Forest tent caterpillar have only one generation per year. That’s great as once these caterpillars are gone, (this will be very soon) there will be no more forest tent caterpillars this season. Caterpillars hatch from an egg band laid the previous year and hatch about the same time the aspen buds are expanding in late April and early May. These caterpillars or larva will feed on tree leaves and other leaves until they are about 2.5 inches long. This usually takes until around mid June. The next stage in the development of this pest is a rest phase called pupation. This is where the larva spins a cocoon. They do this wherever they can.

Inside that cocoon, there is no rest for the wicked as the amazing transformation of a leaf eating larva to not a beautiful butterfly (like Heimlich in a Bug’s Life), but a boring, kind of nondescript, brown moth takes place.

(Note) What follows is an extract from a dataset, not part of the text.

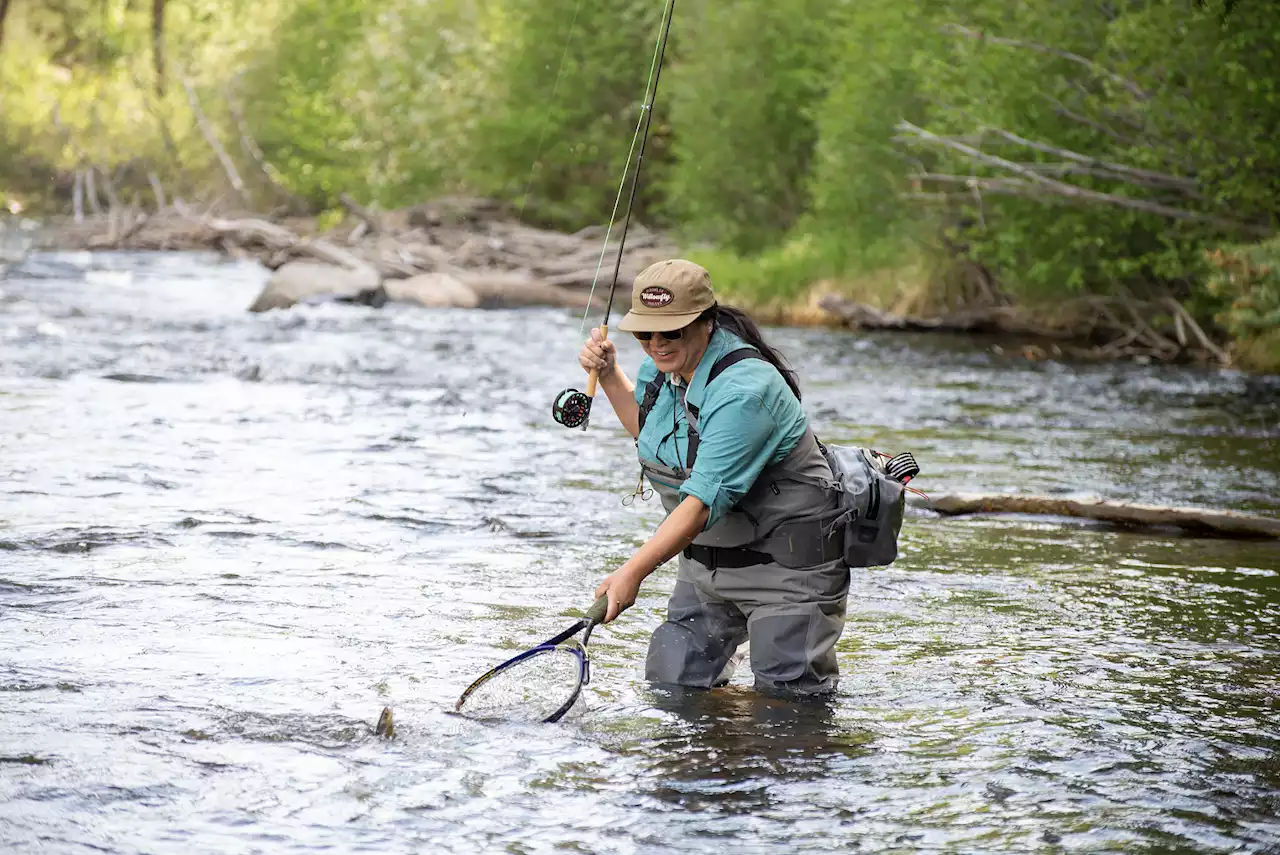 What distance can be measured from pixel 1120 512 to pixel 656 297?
5.04m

After about 10 days, the ugly moth will come out of that cocoon with only one thing on its mind. Mating. There will be lots and lots of ugly brown moths if there were lots and lots of caterpillars. The mated females lay eggs in bands around twigs and cover them with a protective coat called spumaline to help ensure the survival of the youngsters. These will hatch out next spring. So that’s it. The cycle of life carries on.

FAQ or not so FAQs

Will my trees releaf? Answer: Yes, almost always.

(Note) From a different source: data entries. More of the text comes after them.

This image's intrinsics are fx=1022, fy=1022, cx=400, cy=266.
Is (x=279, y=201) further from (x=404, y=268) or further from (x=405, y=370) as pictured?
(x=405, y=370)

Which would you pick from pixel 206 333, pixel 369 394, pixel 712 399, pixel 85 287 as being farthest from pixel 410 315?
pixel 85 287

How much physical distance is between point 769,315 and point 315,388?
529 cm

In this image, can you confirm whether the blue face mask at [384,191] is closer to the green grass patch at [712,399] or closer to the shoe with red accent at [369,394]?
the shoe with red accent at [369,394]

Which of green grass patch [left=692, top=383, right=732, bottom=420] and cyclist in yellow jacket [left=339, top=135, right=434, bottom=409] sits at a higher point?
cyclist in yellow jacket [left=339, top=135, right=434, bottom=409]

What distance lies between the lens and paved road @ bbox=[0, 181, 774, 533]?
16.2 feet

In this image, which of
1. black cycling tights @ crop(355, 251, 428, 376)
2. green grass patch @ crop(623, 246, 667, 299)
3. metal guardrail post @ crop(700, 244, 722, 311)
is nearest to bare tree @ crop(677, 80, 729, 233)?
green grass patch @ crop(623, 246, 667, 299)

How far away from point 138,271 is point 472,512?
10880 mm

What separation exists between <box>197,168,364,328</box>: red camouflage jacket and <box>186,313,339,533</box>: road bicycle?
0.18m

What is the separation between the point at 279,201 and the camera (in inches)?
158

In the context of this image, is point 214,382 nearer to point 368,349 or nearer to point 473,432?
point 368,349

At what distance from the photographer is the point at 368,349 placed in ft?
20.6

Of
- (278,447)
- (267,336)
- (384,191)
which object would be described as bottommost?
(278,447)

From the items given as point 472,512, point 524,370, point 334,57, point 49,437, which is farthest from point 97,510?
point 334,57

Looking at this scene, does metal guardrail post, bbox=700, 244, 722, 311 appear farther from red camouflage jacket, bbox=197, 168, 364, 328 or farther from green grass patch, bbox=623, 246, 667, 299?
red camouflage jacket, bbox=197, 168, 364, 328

Does the feeding and defoliation hurt my trees? Answer: Yes, if the defoliation happens year after year. The tree will use energy to replace the leaves, but having to use stored energy to produce another set of leaves, reduces health and vigour and there can be some twig dieback and reduced growth as a result.

How long is the cycle of infestation? Answer: That depends on a lot of environmental conditions. An infestation can last a few years to many, many years.

How many eggs can a moth lay? Answer: Only about 150 to 200 eggs are laid. Arggghhh!

When is the proper time to try doing some control? Answer: Only at the caterpillar larval stage and not at the moth stage.

Is there a product to use for control that is not harmful to pollinating insects like bees? Answer: Yes. Google - Bt var. k.